Contiguity hypothesis
Document in the same class form a contigous regin and regions of different classes do not overlap.
Prototype
A centroid in the Rocchio classifier.
Decision boundary
Boundaries to separate the classes. To classify a new document, we deter- mine the region it occurs in and assign it the class of that region.
Multimodal class
A class with several logical clusters.
k nearest neighbour/kNN classification
A classifier who determines the decision boundary locally. For 1NN we assign each doc to the class of its closes neighbour. For kNN we assign each doc to the majority class of its k closest neighbours where k is a parameter. The rationale of kNN classification is that, based on the contiguity hypohothesis, we expect a test doc d to have the same label as the training docs located in the local region surrounding d.
Memory based learning/instance-based learning
kNN is an example of this. We do not perform any estimation of parameters. kNN simply memorizes all examples in the training set and then compares the test doc to them.
Bayes error rate
A measure of the quality of a learning method. The average error rate of classifiers learned by it for a particular problem.
Bias-variance tradeoff
There is a tradeoff when selecting a classifier that produces good classifiers across sets (small variance) and that can learn classification problems with very difficult decision boundaries (small bias).
Bias
Bias is large if the learning method produces classifiers that are consistently wrong. Bias is small if:
- The classifiers are consistently right
- Different training sets cause errors on different documents
- Different training sets cause positive and negative errors on the same docs, but that average out close to 0.

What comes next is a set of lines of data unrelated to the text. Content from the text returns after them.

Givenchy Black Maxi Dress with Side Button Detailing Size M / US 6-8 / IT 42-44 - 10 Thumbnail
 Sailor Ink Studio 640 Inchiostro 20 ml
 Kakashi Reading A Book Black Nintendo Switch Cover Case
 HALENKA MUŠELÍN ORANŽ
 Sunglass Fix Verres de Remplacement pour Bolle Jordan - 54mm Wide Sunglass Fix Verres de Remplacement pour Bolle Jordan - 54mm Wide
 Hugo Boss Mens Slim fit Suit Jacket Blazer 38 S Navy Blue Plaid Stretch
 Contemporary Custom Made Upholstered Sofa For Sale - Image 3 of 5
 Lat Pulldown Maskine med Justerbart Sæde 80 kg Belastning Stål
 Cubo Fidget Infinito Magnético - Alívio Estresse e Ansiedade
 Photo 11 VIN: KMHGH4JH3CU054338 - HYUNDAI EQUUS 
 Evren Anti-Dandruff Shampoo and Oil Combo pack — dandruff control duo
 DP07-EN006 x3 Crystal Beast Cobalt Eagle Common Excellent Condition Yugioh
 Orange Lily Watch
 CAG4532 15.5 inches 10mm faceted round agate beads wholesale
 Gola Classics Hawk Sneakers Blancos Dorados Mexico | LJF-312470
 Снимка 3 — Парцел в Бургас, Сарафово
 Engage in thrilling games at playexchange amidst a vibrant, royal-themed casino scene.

Linear method like Rocchio and NB have high bias for nonlinear problems Nonlinear methods like kNN have a low bias, because the decision boundaries are variable, depending on the distribution of docs in the training set, learned decision boundaries can vary greatly.
Variance
Is the variation of the prediction of learned classifiers. Is large if different give rise to very different classifiers. It is small if the training set has a minor effect on the classification decision the classifier makes, be they correct or incorrect. Variance measures how inconsistent the dections are, not wheter they are correct or incorrect.